Be pleased to accept the renewed assurances of my high consideration, respect, and Esteem. I am, Dear Sir, yr obt. Servt.
RC (DLC). Docketed incorrectly by JM, “April 22. 1819.” A copy of this letter, dated 22 May 1819, is printed in the John P. Branch Historical Papers of Randolph-Macon College, 2 (June 1905): 137.
1. The enclosed pamphlet has not been found, but Roane referred to four essays written by him under the signature “Hampden” and published in the Richmond Enquirer on 11, 15, 18, and 22 June 1819, attacking the Supreme Court’s decision in the case of McCulloch v. Maryland. For a brief description of the essays, see Mark R. Killenbeck, M’Culloch v. Maryland: Securing a Nation (Lawrence, Kansas, 2006), 132–40. The essays themselves are reprinted in Gerald Gunther, ed., John Marshall’s Defense of McCulloch v. Maryland (Stanford, Calif., 1969), 106–54.

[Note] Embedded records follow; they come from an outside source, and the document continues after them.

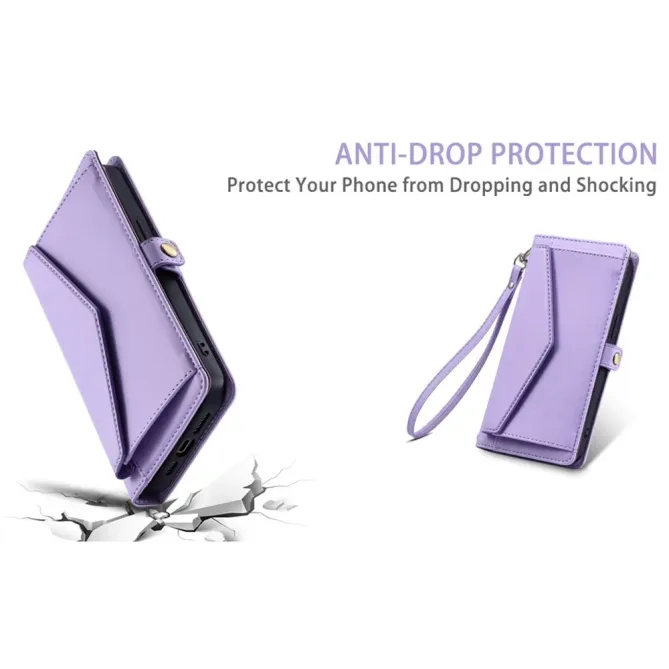 Housse Xiaomi 15T Design Pochette à Dragonne Violet clair - photo 30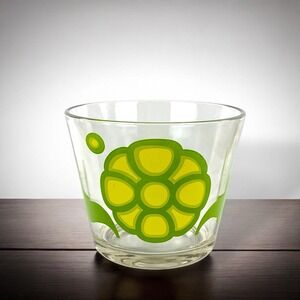 Colony Ice Bucket Yellow Lime‎ Green Daisy Flower 1970s?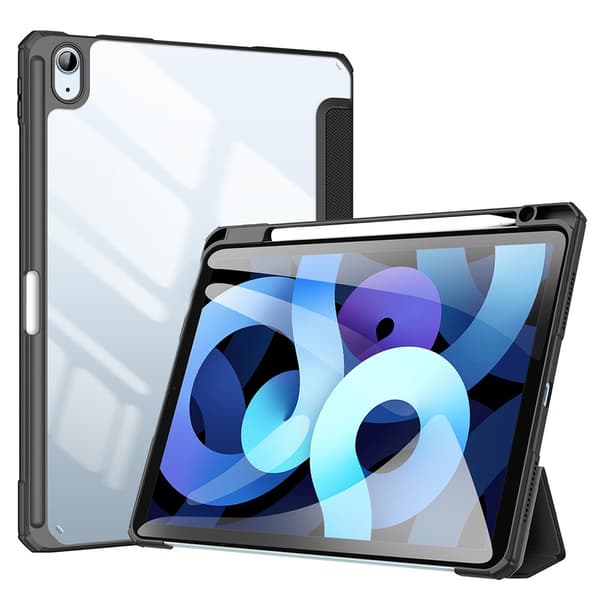 DUX DUCIS iPad Air (2020/2022) TOBY Series Trifold Flip Cover - Sort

2. Thomas Ritchie (1778–1854) was the influential editor of the Richmond Enquirer, 1804–45, and a political force for the Jeffersonian Republicans and later the Democratic Party in Virginia. He supported JM and served briefly in the War of 1812. Ritchie edited the Washington, D.C., Union, the Polk administration newspaper, from 1845 to 1851.